- **REQUIRED ACTION**: The listing below should be printed again word for word, without any images.

- **INFORMATION SUPPLIED**:
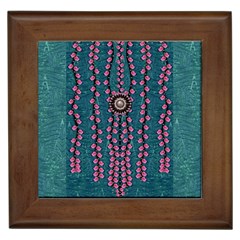 Japanese Sakura Blossoms On The Mountain Framed Tile by pepitasart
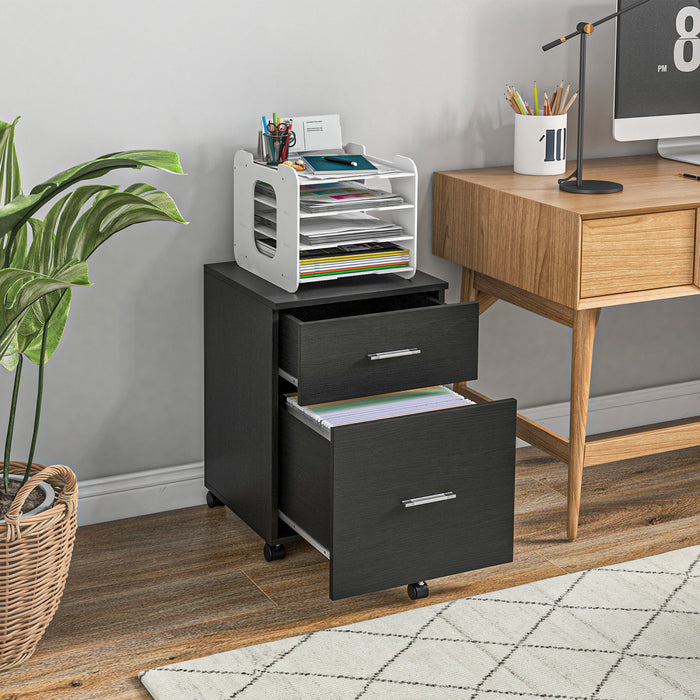Vinsetto Filing Cabinet For Letter Or A4 Files W/ 2 Drawers Casters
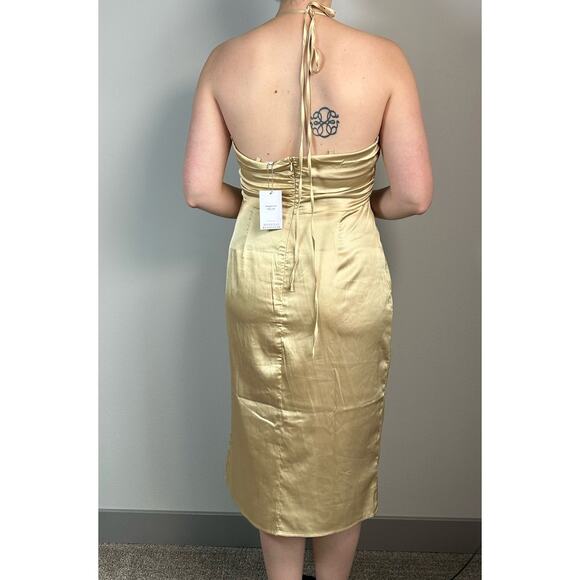 NWT We Wore What Gold Halter Dress Size Large - Picture 5 of 13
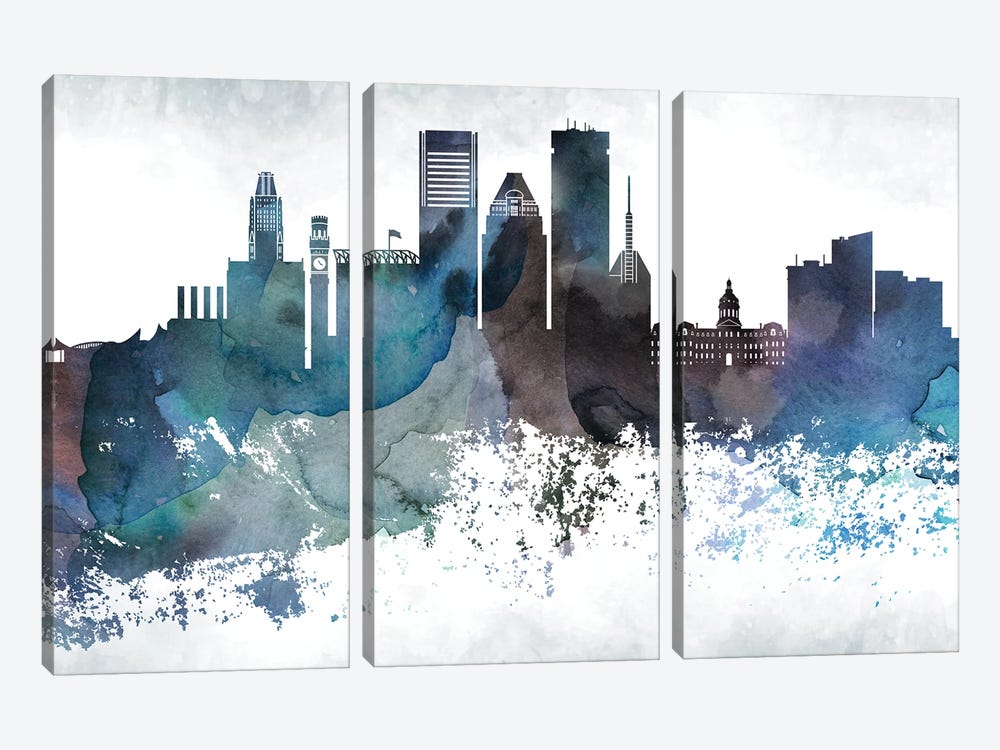 Baltimore Bluish Skylines by WallDecorAddict 3-piece Canvas Wall Art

- **EXERCISE RESPONSE**:
 Japanese Sakura Blossoms On The Mountain Framed Tile by pepitasart
Vinsetto Filing Cabinet For Letter Or A4 Files W/ 2 Drawers Casters
 NWT We Wore What Gold Halter Dress Size Large - Picture 5 of 13
 Baltimore Bluish Skylines by WallDecorAddict 3-piece Canvas Wall Art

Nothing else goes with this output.